Federal Reserve attributes economic contraction partly to Superstorm Sandy
New York (CNNMoney) — The Federal Reserve is blaming the recent economic slowdown on weather and other temporary factors, and plans to keep easy-money policies in place for the foreseeable future.
"Growth in economic activity paused in recent months, in large part because of weather-related disruptions and other transitory factors," the Federal Reserve's policymaking committee said in a statement Wednesday.
The report comes just hours after the Commerce Department said the U.S. economy contracted at the end of 2012, for the first time in three years.
The Fed made no major changes to its policies, opting to keep interest rates near zero. As it did in December, the Fed said it will probably keep rates low until the unemployment rate falls to 6.5% or inflation exceeds 2.5% a year.
The central bank will also continue buying $40 billion a month in mortgage-backed securities and $45 billion a month in Treasuries.

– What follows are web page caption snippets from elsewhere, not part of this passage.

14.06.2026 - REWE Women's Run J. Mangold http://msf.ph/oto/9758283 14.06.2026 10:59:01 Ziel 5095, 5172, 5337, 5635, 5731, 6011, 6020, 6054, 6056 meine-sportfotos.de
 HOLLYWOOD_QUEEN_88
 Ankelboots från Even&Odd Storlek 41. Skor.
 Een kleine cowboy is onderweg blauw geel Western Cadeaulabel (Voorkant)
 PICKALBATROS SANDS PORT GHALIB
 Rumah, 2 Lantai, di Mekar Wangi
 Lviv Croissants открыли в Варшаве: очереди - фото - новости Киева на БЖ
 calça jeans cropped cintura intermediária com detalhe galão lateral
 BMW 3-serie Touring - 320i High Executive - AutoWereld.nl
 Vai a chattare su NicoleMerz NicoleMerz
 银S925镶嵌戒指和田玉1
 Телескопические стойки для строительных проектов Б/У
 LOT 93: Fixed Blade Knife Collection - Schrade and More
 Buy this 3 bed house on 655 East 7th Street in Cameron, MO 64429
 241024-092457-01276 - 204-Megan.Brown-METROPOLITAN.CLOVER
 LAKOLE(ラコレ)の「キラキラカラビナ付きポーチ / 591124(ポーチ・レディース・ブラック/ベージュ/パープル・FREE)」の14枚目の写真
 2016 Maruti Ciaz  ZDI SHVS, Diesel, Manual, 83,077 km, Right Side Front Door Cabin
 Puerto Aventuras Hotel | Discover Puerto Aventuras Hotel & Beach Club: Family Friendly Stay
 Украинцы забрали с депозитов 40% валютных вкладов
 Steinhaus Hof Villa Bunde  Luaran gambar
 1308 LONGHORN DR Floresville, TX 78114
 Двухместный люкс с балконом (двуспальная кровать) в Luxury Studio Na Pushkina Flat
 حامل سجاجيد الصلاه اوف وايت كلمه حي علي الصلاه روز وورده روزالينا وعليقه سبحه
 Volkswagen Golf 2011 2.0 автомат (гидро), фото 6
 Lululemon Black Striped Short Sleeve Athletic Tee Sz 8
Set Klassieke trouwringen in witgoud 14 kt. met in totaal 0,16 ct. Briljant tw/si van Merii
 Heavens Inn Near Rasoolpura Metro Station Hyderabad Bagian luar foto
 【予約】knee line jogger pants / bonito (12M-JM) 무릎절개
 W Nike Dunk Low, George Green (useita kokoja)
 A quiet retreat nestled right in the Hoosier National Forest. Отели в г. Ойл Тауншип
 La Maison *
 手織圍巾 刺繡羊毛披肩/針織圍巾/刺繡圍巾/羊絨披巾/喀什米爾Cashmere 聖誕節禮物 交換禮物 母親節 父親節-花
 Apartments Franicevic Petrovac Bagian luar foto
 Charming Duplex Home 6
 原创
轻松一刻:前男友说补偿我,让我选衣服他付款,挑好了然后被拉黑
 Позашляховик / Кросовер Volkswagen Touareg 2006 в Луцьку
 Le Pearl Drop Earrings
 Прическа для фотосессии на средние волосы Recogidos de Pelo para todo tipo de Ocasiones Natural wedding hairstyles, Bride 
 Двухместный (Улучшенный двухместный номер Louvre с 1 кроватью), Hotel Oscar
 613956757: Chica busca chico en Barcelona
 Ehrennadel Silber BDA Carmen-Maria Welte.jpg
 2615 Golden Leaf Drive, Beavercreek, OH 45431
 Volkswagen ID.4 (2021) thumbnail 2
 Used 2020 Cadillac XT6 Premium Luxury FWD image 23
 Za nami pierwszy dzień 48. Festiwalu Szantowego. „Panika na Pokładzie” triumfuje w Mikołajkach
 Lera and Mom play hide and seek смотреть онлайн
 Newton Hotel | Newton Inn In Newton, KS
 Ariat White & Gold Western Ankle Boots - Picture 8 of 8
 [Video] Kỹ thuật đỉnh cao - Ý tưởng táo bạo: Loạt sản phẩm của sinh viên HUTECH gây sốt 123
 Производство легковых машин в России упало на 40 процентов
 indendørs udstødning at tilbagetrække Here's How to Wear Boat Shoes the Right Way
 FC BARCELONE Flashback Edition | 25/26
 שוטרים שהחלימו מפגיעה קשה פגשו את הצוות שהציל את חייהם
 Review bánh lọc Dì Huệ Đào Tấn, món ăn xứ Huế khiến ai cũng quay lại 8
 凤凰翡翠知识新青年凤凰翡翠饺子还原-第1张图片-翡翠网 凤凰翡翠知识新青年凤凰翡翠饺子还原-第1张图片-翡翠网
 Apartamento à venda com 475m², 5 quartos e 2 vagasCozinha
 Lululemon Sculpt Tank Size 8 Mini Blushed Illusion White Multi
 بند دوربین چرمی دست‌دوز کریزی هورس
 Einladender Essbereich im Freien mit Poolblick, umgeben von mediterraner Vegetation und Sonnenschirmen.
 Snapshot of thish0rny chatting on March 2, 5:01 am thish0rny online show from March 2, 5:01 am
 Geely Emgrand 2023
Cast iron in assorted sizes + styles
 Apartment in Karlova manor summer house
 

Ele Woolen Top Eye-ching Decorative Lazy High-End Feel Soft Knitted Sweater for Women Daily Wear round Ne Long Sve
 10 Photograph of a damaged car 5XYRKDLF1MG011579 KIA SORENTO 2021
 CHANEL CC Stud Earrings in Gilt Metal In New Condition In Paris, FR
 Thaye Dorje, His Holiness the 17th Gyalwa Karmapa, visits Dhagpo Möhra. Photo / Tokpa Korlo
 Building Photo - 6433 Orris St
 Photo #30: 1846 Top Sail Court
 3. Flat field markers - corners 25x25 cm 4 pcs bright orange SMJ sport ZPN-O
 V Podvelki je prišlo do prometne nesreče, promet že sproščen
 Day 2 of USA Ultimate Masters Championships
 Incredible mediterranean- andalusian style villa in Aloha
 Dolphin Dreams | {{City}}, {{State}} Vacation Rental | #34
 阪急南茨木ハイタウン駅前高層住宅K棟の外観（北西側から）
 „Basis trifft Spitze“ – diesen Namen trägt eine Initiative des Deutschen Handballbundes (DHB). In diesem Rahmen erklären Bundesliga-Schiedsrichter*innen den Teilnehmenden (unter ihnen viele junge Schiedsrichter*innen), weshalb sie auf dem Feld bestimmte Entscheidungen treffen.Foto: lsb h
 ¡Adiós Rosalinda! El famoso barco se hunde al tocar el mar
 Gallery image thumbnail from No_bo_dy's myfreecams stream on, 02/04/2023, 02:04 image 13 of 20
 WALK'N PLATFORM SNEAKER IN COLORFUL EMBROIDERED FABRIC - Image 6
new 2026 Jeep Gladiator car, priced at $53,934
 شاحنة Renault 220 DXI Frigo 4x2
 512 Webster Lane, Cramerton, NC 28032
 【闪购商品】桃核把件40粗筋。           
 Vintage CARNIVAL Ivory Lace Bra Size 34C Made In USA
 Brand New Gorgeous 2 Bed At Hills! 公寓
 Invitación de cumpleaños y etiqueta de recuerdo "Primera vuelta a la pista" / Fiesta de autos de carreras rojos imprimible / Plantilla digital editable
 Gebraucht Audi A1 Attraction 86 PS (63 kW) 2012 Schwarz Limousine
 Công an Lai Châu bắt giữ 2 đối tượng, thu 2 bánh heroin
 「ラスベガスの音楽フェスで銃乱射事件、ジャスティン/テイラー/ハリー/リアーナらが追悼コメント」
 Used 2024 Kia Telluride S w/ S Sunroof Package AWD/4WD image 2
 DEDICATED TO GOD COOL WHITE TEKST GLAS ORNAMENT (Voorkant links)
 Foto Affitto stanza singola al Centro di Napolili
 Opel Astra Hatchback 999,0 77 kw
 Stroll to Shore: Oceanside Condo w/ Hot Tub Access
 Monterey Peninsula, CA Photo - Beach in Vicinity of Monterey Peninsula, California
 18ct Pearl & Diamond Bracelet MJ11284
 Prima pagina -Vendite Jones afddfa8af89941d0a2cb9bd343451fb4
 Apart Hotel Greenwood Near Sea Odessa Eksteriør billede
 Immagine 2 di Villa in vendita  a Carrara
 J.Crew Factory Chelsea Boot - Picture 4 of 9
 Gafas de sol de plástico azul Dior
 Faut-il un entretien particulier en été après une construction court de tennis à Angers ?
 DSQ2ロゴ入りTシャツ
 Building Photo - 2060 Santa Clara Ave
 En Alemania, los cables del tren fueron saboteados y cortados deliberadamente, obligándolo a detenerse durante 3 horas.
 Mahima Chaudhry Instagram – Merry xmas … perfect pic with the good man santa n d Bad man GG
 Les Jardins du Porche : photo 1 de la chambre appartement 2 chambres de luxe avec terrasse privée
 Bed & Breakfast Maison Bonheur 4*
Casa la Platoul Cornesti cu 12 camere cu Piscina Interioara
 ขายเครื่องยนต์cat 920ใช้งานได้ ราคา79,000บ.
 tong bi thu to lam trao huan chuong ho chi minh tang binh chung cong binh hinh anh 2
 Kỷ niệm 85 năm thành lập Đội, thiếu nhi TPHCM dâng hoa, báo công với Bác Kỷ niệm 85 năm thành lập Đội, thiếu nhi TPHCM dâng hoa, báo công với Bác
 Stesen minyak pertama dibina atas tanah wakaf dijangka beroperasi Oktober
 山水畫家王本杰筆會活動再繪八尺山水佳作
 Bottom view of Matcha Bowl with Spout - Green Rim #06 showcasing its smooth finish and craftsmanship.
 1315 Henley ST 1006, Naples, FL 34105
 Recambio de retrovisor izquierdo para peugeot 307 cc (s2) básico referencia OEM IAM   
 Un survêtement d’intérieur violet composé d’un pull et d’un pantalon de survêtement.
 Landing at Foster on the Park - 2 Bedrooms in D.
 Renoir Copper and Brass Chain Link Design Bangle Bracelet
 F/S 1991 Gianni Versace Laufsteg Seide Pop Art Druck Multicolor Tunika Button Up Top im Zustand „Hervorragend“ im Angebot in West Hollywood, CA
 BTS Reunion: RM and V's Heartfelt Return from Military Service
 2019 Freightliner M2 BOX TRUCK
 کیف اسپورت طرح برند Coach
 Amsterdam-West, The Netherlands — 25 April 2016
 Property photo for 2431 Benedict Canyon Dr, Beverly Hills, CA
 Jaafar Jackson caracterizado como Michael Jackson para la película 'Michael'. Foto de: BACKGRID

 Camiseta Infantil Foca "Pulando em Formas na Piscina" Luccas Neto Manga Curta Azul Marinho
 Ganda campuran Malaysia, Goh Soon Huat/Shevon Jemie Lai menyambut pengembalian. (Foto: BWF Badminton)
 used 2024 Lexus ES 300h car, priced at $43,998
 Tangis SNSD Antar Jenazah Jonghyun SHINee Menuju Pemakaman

The hope is that those additional purchases will continue to push long-term interest rates even lower.
"Taken together, these actions should maintain downward pressure on longer-term interest rates, support mortgage markets, and help to make broader financial conditions more accommodative," the Fed statement said.
Of the Fed's 12 voting members, only one disagreed with Wednesday's decision. Esther George, president of the Federal Reserve Bank of Kansas City, said she was concerned that the Fed's policies could "increase the risks of future economic and financial imbalances."
In a speech earlier this month, she warned that the Fed's stimulative policies could risk fueling an asset bubble in bonds or farmland, among other things.